Estenson was a pilot who wanted to fly in a fighter plane, yet he ended up becoming an engineer. Twelve years ago, attracted to the German culture and the sense of community, he moved with his family to Fredericksburg and bought the Brewery Restaurant and B&B. He then moved on to fulfill his dream of creating a hotel with the feeling of a wartime South Pacific air force base and he put an incredible amount of effort into researching and constructing his vision down to the last detail. Outside of the hotel is a billboard featuring a 40s pinup girl, a large searchlight, a palm tree, and the Airport Diner -- all are extremely authentic looking. The construction took two years and Estenson is pleased with the looks of surprise when guests walk in after seeing the understated outside to find the elegant boutique hotel inside.

Decorative influences continue right down to the last detail; there are even palm tree motifs to be found in the carpets and curtains which are reminiscent of the South Pacific.

This hotel theme fits in nicely with the impressive collection of WWII and South Pacific artifacts at the nearby National Museum of the Pacific War.

Tennis courts, a golf course and a swimming pool are nearby and there is a golf cart path that will allow guests to borrow a cart from the hotel and access these facilities during longer stays.

Hangar Hotel lobby

Staying at the Hangar Hotel is a real experience, from looking at planes taking off from the special observation deck, to eating at the authentic diner, to having a drink at the officers club and enjoying a game of pool before dinner. The decor is plain as Estenson has tried to stay within his theme down to the black, 40s-style dial telephones on the tables but all of the items are of excellent quality. Each room has a king bed made of mahogany wood with rattan inserts, a comfortable chair and ottoman made from brown bomber leather, and a retro black and white tiled bathroom. To further attract women for weekend getaways, I would recommend room service and more extensive television/movie services be added in the future.

Rates range from a reasonable $95 to $139 a night and include a breakfast of your choice at the Airport Diner. The diner really brought me back in time with its roomy booths and long marble counter and gleaming leather stools. The food is that pre-Atkins delicious fare such as burgers, milk shakes and hand battered onion rings. I especially enjoyed my breakfasts of hearty omelets and delicious waffles washed down with cups of smooth tasting coffee.

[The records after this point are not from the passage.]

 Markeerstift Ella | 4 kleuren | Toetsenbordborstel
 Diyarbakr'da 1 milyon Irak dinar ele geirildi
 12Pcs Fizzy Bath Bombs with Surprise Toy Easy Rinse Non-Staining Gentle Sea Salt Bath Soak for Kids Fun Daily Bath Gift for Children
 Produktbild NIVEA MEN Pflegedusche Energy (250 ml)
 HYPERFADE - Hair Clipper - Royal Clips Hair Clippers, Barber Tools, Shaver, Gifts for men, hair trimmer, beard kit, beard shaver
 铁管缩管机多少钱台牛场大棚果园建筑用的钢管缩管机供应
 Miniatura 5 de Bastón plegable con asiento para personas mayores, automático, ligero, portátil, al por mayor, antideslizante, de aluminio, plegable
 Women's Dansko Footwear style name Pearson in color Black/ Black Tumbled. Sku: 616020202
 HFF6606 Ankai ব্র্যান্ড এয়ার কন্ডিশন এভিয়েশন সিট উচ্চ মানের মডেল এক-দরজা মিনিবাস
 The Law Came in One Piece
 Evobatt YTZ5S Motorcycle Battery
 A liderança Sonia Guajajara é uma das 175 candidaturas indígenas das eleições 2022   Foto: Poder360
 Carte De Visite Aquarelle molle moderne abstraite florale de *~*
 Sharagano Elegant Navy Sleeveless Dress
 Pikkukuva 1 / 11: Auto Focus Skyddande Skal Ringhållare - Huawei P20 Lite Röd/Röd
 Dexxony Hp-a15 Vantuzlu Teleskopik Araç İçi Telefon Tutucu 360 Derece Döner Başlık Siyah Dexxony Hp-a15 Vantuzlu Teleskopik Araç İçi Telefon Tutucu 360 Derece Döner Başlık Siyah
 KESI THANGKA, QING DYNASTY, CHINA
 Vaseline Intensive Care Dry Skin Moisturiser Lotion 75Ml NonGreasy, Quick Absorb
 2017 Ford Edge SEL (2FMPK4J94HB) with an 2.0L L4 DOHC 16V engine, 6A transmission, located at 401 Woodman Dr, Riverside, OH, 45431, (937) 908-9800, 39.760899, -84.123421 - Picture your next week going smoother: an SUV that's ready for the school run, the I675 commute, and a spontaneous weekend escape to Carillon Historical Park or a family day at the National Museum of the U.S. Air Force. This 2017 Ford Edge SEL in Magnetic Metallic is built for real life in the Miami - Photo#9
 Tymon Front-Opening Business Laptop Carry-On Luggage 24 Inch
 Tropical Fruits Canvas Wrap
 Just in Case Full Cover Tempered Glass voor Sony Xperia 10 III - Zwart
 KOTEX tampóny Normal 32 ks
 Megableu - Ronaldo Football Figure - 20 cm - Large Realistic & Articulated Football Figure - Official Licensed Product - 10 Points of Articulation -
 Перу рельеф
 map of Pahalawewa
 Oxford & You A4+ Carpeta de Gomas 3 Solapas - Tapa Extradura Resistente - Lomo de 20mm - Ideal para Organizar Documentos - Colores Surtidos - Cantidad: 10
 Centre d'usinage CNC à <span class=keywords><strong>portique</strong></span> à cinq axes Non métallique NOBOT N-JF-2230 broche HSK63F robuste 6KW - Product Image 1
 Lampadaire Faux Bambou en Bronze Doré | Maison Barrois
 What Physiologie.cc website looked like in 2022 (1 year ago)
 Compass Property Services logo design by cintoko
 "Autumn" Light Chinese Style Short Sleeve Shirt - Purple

There are excellent restaurants nearby and one of the nicest is the Cotton Gin where the mixture of German and Tex-Mex culture is obvious as it is in many of the restaurants. Excellent service and an inviting atmosphere, due to the presence of an antique cotton gin, a large stone fireplace and a lovely stained glass window give the place an a nice upscale rural feel- I had to keep reminding myself that I was in Texas.

Don't leave Texas Hill Country without a trip to the Fredericksburg Herb Farm, where herbal remedies and handmade candles are sold. There is a lovely wildflower garden, a spa and a quaint tea room amongst the herb gardens.

Fredericksburg Herb Farm Wildflower Garden

The dedication that Fredericksburg locals show to their history and to their present-day community life sets this town apart and makes it a natural choice for an enjoyable getaway that is a bit out of the ordinary.

There is something for the history buff, power shoppers, aviation lovers and anyone who enjoys friendly people, great food and a chance to lose yourself in another place and time.